NEWSWANTARA – Mimpi Indonesia untuk memiliki pesawat terbang buatan dalam negeri berawal dari pesawat layang Zogling NWG (Nurtanio-Wiweko-Glider) yang berlanjut pada pesawat all metal dan fighter Indonesia hingga akhirnya dinamai Sikumbang. Deretan pesawat tersebut merupakan buatan anak bangsa yang menjadi cikal bakal lahirnya industri penerbangan di Indonesia.

Baca juga :

Mimpi untuk memiliki industri penerbangan dalam negeri berawal dari seorang patriot bangsa Laksamana Muda Udara (Anumerta) Nurtanio Pringgoadisuryo yang memiliki kontribusi dalam memajukan kedirgantaraan Indonesia. Lahir di Kandangan, Kalimantan Selatan pada 3 Desember 1923, Nurtanio memiliki mimpi untuk keliling dunia dengan pesawat buatan Indonesia.

Untuk Mendukung misinya itu, Nurtanio menyiapkan pesawat Arev (Api Revolusi) yang merupakan bekas rongsokan Super Aero buatan Cekoslowakia. Pada usaha untuk terbang keliling dunia menggunakan pesawat rakitannya, Nurtanio gugur dalam penerbangan uji coba Arev. Sosok patriot bangsa yang di masa hidupnya begitu berjasa pada dunia dirgantara di Indonesia.

Atas dasar itulah yang kemudian mendorong pembuatan pesawat terbang di tanah air untuk terus berkembang. Nama Nurtanio juga pernah melekat pada industri yang dirintisnya saat pemerintahan Soeharto yang merubah nama LAPIP (Lembaga Persiapan Industri Penerbangan) menjadi LIPNUR (Lembaga Industri Penerbangan Nurtanio).
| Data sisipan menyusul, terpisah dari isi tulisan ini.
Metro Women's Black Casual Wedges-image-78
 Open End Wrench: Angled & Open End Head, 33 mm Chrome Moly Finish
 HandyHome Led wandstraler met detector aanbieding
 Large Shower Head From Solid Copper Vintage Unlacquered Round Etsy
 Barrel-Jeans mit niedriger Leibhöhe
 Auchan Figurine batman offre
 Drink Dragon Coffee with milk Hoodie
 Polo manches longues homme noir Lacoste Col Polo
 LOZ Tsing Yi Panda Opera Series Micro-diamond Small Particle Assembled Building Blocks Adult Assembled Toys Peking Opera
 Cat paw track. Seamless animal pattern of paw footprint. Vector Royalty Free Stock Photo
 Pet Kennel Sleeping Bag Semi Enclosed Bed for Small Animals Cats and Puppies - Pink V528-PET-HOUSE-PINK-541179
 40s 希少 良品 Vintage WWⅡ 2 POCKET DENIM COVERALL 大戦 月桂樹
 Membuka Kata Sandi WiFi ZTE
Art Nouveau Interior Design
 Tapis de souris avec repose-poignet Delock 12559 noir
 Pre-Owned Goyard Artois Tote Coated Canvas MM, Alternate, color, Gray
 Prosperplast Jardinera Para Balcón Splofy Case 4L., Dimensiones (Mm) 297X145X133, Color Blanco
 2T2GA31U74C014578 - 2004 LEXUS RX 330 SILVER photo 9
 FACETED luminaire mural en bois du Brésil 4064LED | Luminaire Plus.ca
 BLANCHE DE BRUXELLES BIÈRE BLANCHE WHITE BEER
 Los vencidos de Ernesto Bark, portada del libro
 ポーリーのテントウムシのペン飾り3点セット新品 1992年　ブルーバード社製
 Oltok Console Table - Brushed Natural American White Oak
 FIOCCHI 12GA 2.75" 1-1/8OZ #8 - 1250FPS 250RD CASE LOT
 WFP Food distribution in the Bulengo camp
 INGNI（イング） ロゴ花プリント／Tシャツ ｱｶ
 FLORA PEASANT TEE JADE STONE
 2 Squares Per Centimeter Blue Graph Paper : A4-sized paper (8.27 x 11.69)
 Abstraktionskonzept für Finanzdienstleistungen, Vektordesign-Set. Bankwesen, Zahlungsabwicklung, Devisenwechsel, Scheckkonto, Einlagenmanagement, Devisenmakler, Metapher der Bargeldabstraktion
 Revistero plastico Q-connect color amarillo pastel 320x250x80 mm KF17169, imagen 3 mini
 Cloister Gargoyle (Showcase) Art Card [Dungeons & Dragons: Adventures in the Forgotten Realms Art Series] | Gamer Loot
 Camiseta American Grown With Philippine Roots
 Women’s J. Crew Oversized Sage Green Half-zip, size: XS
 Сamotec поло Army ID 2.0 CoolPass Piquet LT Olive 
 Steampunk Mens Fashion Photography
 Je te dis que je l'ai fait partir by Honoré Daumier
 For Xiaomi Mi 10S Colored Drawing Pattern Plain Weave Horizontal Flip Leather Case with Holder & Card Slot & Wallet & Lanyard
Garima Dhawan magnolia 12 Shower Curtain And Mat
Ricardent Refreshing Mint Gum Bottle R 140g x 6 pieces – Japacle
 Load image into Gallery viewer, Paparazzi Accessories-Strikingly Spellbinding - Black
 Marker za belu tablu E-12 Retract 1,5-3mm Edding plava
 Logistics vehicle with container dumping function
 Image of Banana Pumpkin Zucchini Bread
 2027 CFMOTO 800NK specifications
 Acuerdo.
Ketertarikan Nurtanio Pringgoadisuryo pada dunia penerbangan bermula saat ia bersekolah di sekolah menengah tinggi teknik atau Kogyo Senmon Gakko. Nurtanio mendirikan perkumpulan Junior Aero Club (JAC), yang isinya tentang bagaimana teknik pembuatan pesawat model yang merupakan dasar-dasar aerodinamika.

Di Junior Aero Club Nurtanio berkenalan dan bertemu dengan R.J Salatun, yang juga berminat dalam masalah penerbangan dan kebetulan berlangganan majalah kedirgantaraan, yakni Vliegwereld.

Di JAC, Nurtanio dan sahabatnya, R.J Salatun, bertemu dengan guru olahraga yang bernama Iswahyudi yang juga memiliki pengetahuan dalam masalah penerbangan. Ketika Perang Dunia II pecah, Iswahyudi sedang mengikuti pendidikan penerbang militer Belanda yang kemudian diungsikan ke Australia.

Perhatian Nurtanio pada masa itu tidak hanya dalam masalah pesawat model, tetapi bahkan sampai menekuni buku-buku teknik penerbangan yang saat itu banyak yang menggunakan bahasa Jerman

Nurtanio banyak merancang pesawat yang tepat untuk kemaslahatan rakyat, mulai jenis angkut ringan (general aviation) sampai cropduster yang efektif untuk pertanian. Eksperimen Nurtanio sangat berguna, melihat posisi Indonesia yang merupakan negara agraris.

Modifikasi PZL Wilga (Gelatik) untuk cropduster terbukti pernah mendongkrak hasil pertanian yang terserang hama. Temuan Nurtanio ini kemudian sempat berhasil menjadikan Indonesia sebagai pengekspor beras terbesar di dunia.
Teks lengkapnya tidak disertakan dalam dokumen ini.